After independence the first few decades saw racial unrest and disturbance between the Indians and the Africans of Guyana. Although the Guyanese are largely a peace-loving population, racial conflicts between the Indo-Guyanese and the Afro-Guyanese erupted in 1962–64 and then again after the elections in 1997 and 2001. Racial tensions are still a sensitive issue in Guyana.
Guyana was engaged in territorial and border disputes with Venezuela and Suriname in 2000. The dispute between Suriname and Guyana over the
GEOGRAPHY AND CLIMATE
Guyana is flanked by Suriname, Venezuela, Brazil, and the Atlantic Ocean. In terms of area Guyana is the third smallest country in South America. The terrain of Guyana consists of rolling highlands, marshy coast, low-lying plains, thick rain forests, and savannah (areas dotted with trees). The highest point of Guyana is Mount Roraima, which stands 9,220 feet high. The longest rivers that flow through Guyana are the Berbice, the Demerara, the Essequibo, and the Corentyne.
Guyana enjoys a tropical climate and remains hot and humid throughout the year. There are two rainy seasons in Guyana: from May to mid-August and from mid-November to mid-January.
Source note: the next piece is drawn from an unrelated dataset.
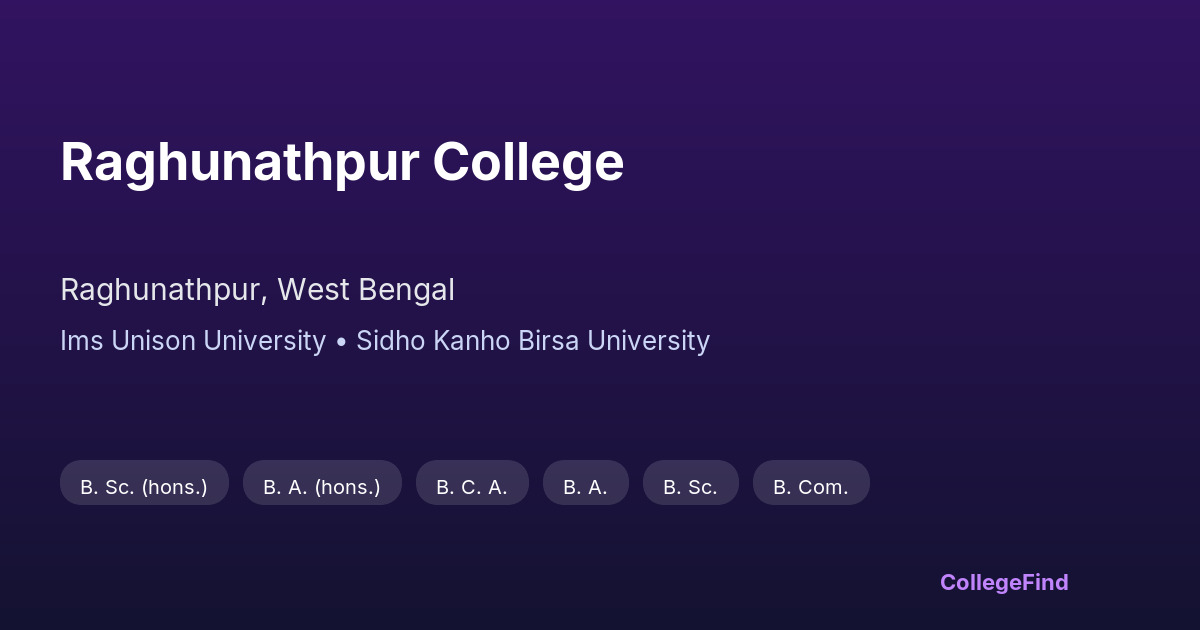 raghunathpur college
Average temperatures range between 75°F and 88°F. In terms of flora Guyana is home to thick forests of trees like bamboo and mangroves, and flowering plants like yellow hibiscus and ginger lily flowers. Fauna are represented by a wide variety of birds, reptiles, and mammals such as ocelots, tapirs, and monkeys.
Guyana has a moderate economy that is struggling with chronic problems such as lack of skilled labor and inadequate infrastructure. Agriculture is the backbone of its economy; the main crops include wheat, rice, sugar, vegetables, and fruits. The fishing industry is another significant contributor to the nation’s gross domestic product (GDP). In addition Guyana has rich deposits of mineral resources like gold, diamonds, and bauxite, and many deposits remain untapped. Some of the major export items of the country are gold, diamonds, and bauxite, as well as rum, timber, shrimp, rice, sugar, and molasses.
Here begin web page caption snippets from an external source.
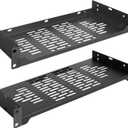 RIVECO 2 PCS 6 Rack Shelves for 19 inches Network Rack & Cabinets, 1U Rack Mount Shelf Vented Cantilever Tray, for Server, IT & Sound Equipment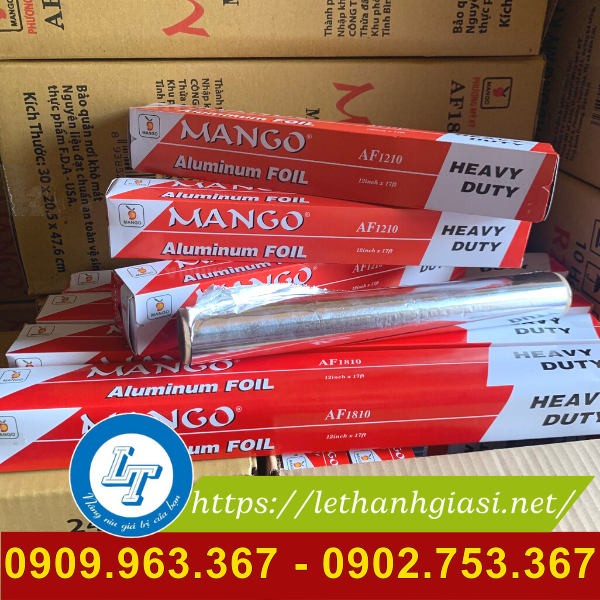 Giấy bạc cuộn ngắn, cuộn dài giá sỉ rẻ cho nhà hàng, quán ăn giấy bạc nướng mango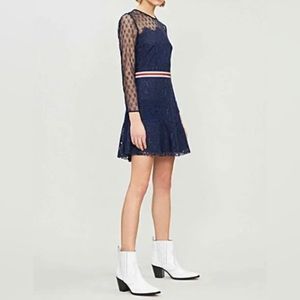 Sandro navy blue lace dress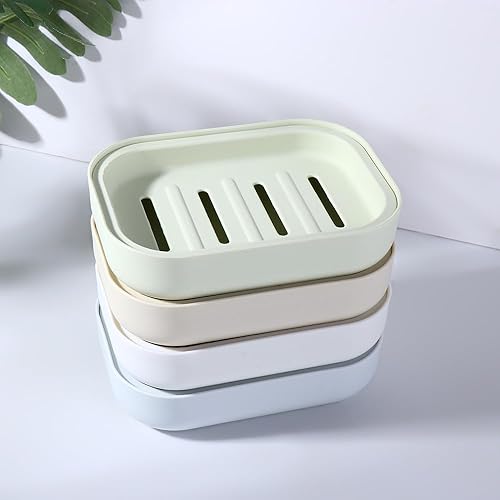 Miniatura 6 de 4 platos de drenaje de jabón de plástico, soporte de jabón de doble capa, caja de jabón de baño, contenedor de jabón, bandeja de esponja de cocina,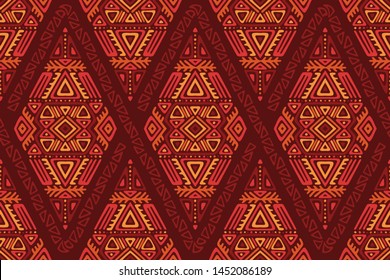 African Ethnic Style Vector Seamless Pattern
Another problem that the country must confront is the trafficking of human beings for sexual exploitation and forced labor. Guyana is a country of origin, transit, and destination for young women and children trafficked primarily for the purpose of sexual exploitation.
Guyana has begun to make good progress recently through the enactment of antitrafficking legislation, improvements in government coordination, and aggressive public awareness campaigns.With the help of international organizations, the government of Guyana has also introduced a number of progrowth economic policies that are focused on the development of agriculture and mining activities.
CULTURE AND LIFESTYLE
Guyana has a diverse cultural heritage that is influenced by various ethnic groups and is home to East Indians, Amerindians, Chinese, blacks, whites, and people of mixed race.
It is a multilingual society; some of the languages that are widely spoken in Guyana include English, dialects of Amerindian languages, Creole, Hindi, and Urdu. Over 50 percent of the Guyanese population follows Christianity, but the country is also home to Hindus and Muslims as well as people of other faiths.
The Guyanese love sports, and beach cricket (an informal version of the game) and football (soccer) are favorite outdoor games. Dominoes and boxing are equally popular indoor games.
Queh Queh songs are traditional Guyanese folk songs that are sung during weddings—usually the night before the wedding— by older people. Other folk songs sung by the ethnic Guyanese include boat songs, love songs, Amerindian songs (emphasizing the hunting skills of ethnic tribes), and “ring play songs” that are sung by children, usually in the rural areas on nights when the Moon is full. They are referred to as “ring play songs,” because the singers sit in a circle, and the lead singer sits in the middle of the circle. Sometimes even adults sing these songs during wakes or weddings.
Many Guyanese enjoy Caribbean music and dance, while the East Indian community enjoys their traditional folk songs and dances like the kathak (a classical dance that narrates the stories from religious literature), the bhangra (a folk dance of the Indian state of Punjab performed at the time of harvest), and the giddha (a folk dance performed by the women of Punjab’ they also sing about the woes, happiness, and loves of their life while dancing).
Some noted Guyanese literary figures include the poet A. J.
Seymour, novelist Wilson Harris, and historian Walter Rodney.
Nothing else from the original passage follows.